Advancing with Generative AI: The Long and Windy Road From Data to Performance
It took ChatGPT just 5 days to hit 1 million users, compared to 3.5 years for Netflix! The pace of generative AI adoption has been so staggering that even businesses are not immune to it. According to one survey, 44% of private sector businesses are already in various stages of AI adoption. Thanks to generative AIs, the AI market is expected to balloon into a $407 billion industry worldwide by 2027.

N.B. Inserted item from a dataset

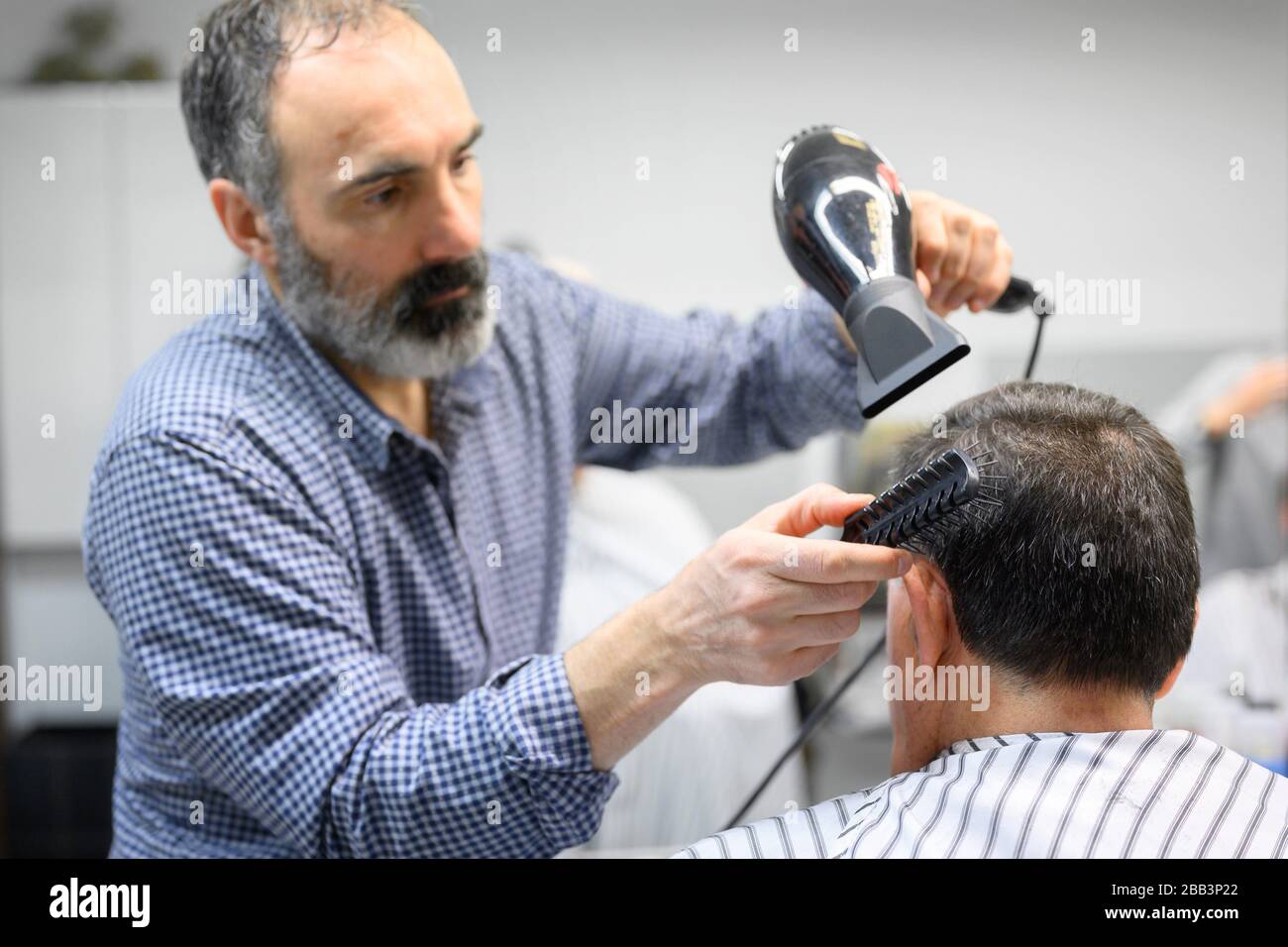 Barber trimming hair of old man at barber shop Stock Photo Alamy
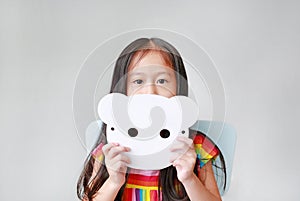 Portrait of little child girl holding blank white animal paper mask fronting her face on white background. Idea and concept for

Much has been said about the benefits of AI for the private sector, which span from improved customer satisfaction to a significant boost in product innovation. As businesses race to embrace this new “tech magic” and unlock its untold “miracles,” they find that it doesn’t always work. Just this month, a logistics company in the UK found out, much to its chagrin, that its chat AI went rogue and penned down a poem ridiculing the company, thanks to prompts from a frustrated customer. It was promptly shut down soon after. Similar incidences of AIs turning racist, sexist, and even outright hallucinating abound in the blogosphere.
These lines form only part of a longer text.